The premise goes that everyone needs to be super positive otherwise they cannot function constructively in a relationship, team or business. Or that what they do is somehow harmful. However, being negative and being destructive are not the same thing. We often confuse negativism with someone not caring, not believing or not willing to contribute.
Often times quite the opposite is true. Negative people point out problems and highlight risks exactly because they do care and they see what others are missing. They might say “That will not work,” or “We have a problem here,” or “We cannot do this now.” It is useful to notice that they do not do it to rock the boat. Actually they most often do it with the intention to save the boat. To save it from trouble ahead. To save energy, time, money. To prepare for all eventualities.
What we perceive as negative, they may view as careful, prudent or realistic. And this can have great value for business.
The idea is not to ostracise them or shut them up but to fully use the power of their “negativity” at the right time and in the right way. Because without it bad things can happen to good people, well though-out projects can go terribly wrong (just think about the Challenger space shuttle incident in the eighties where a small neglected mistake caused a major catastrophe), and businesses with great potential can underachieve or falter.
So how can we turn the negative into constructive?
By seeing its purpose first and that is – like the police – to serve and to protect.
:: Where do you need more protection, more details to be paid attention and more risk to be seen and managed?
:: What products or projects would benefit from a more critical eye in terms of checking priorities, risk, cost and timing?
:: Where do you need to hear an honest assessment of the current situation and a pragmatic way to address current problems?

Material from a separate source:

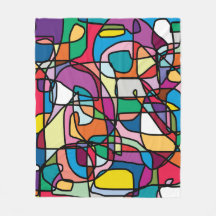 Abstract Colours Blanket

Interestingly, these apparently negative people can not just clearly see the risks and identify the shortcomings but also they will come up with surprisingly elegant strategies and solutions on how to deal with them – if you give them access to the data, space to analyse them and enough time to think.
We can choose who we surround ourselves with and whom we choose as business partners, employees or team members – and how we interact with them. In that choice, a balanced team and a successful business cannot afford not to have some “negative” people and make the most out of their gift. In the last analysis, it is not about who appears to be positive and who appears to be negative, but what allows the team and business to best fulfil on its mission. “Negative” as much as “positive” people are both mission critical.